Africa is ill equipped to fight a bird flu epidemic
BMJ 2006; 332 doi: https://doi.org/10.1136/bmj.332.7538.380-b (Published 16 February 2006) Cite this as: BMJ 2006;332:380Data supplement
Africa is ill equipped to fight a bird flu epidemic
Peter Moszynski
The emergence of the H5N1 strain of avian influenza in several countries in Europe and Africa last week has led the World Health Organization to issue a warning. It said: "H5N1 is spreading rapidly across the world. All countries must take measures to protect human health against avian flu, and prepare for a pandemic."
H5N1 has now been identified in migratory swans in Italy, Greece, and Slovenia, but it is the arrival of the virus in northern Nigeria that most concerns the authorities. Sub-Saharan countries—beset by poverty, war, and hunger and with extremely weak public health and veterinary facilities—are ill equipped to deal with any crisis involving bird flu. There are also fears that the virus may have already spread undetected to other parts of the continent.

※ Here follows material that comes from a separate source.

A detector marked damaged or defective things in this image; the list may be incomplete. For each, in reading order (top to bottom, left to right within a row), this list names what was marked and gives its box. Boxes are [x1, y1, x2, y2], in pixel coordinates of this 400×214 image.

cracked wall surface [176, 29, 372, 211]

WHO’s director general, Lee Jong-wook, said: "African health systems are already struggling to cope with children and adults suffering from HIV/AIDS, tuberculosis, malaria, respiratory infections, and other infectious conditions. Human cases of H5N1 may be difficult to distinguish from other illnesses.
"We simply do not know what the impact of exposure to avian influenza will be on the many people who may be already immunocompromised and in a fragile state of health."

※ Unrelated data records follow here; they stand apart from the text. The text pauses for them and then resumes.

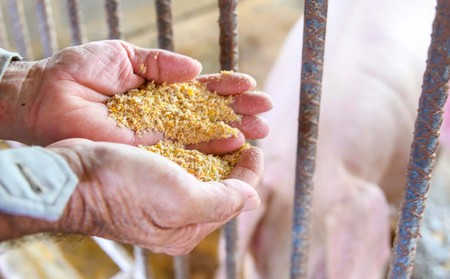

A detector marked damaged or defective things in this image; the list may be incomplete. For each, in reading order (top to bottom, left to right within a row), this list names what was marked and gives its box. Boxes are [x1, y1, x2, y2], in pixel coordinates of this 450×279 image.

rusty rebar [6, 0, 33, 59]
rusty rebar [35, 0, 58, 58]
rusty rebar [66, 0, 85, 45]
rusty rebar [106, 0, 124, 40]
rusty rebar [156, 0, 175, 51]
rusty rebar [219, 0, 239, 72]
rusty rebar [218, 1, 239, 278]
rusty rebar [290, 1, 328, 278]
rusty rebar [386, 1, 450, 278]
rusty rebar [173, 256, 189, 279]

At a donors’ conference in China last month the UN Food and Agricultural Organization warned that if bird flu became rooted in the African countryside, "the consequences for a continent already devastated by hunger and poverty could be truly catastrophic." Regional health officials now fear a "nightmare scenario" if the Nigerian outbreak is not immediately contained.
Chickens are commonplace in Africa, and most poultry is bought live and slaughtered at home as few people have refrigerators. Another concern is that because many Africans are familiar with Newcastle disease, a poultry infection that has no effect on humans, they are unaware of the risk of transmission from birds to humans of bird flu and use few protective measures. Several suspected cases in humans are currently being investigated.

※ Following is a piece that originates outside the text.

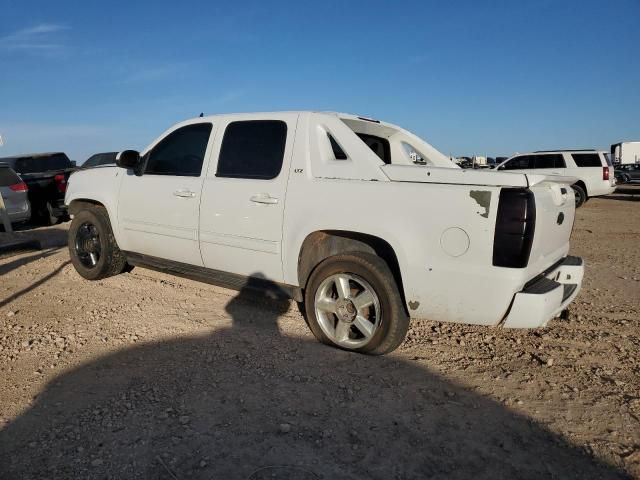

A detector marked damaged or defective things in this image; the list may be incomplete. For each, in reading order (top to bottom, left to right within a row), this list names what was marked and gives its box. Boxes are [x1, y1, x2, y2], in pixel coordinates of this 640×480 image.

In Nigeria a major drive to identify outbreaks of bird flu and alert people to its dangers has been combined with a planned campaign on polio. Nigeria had previously experienced a widespread boycott of polio immunisation, leading to a resurgence of the disease.
David Nabarro, head of a new UN influenza task force, said that although no cases had yet been shown of the virus being directly transmitted between people, the arrival of the virus in Nigeria should be "a strong wake-up call." He urged authorities to remain on "high alert for the possibility of sustained human to human virus transmission and of a pandemic starting at any time."
Biosecurity guidelines on bird flu are available from the UK Department for Environment, Food and Rural Affairs at www.defra.gov.uk/animalh/diseases/control/biosecurity.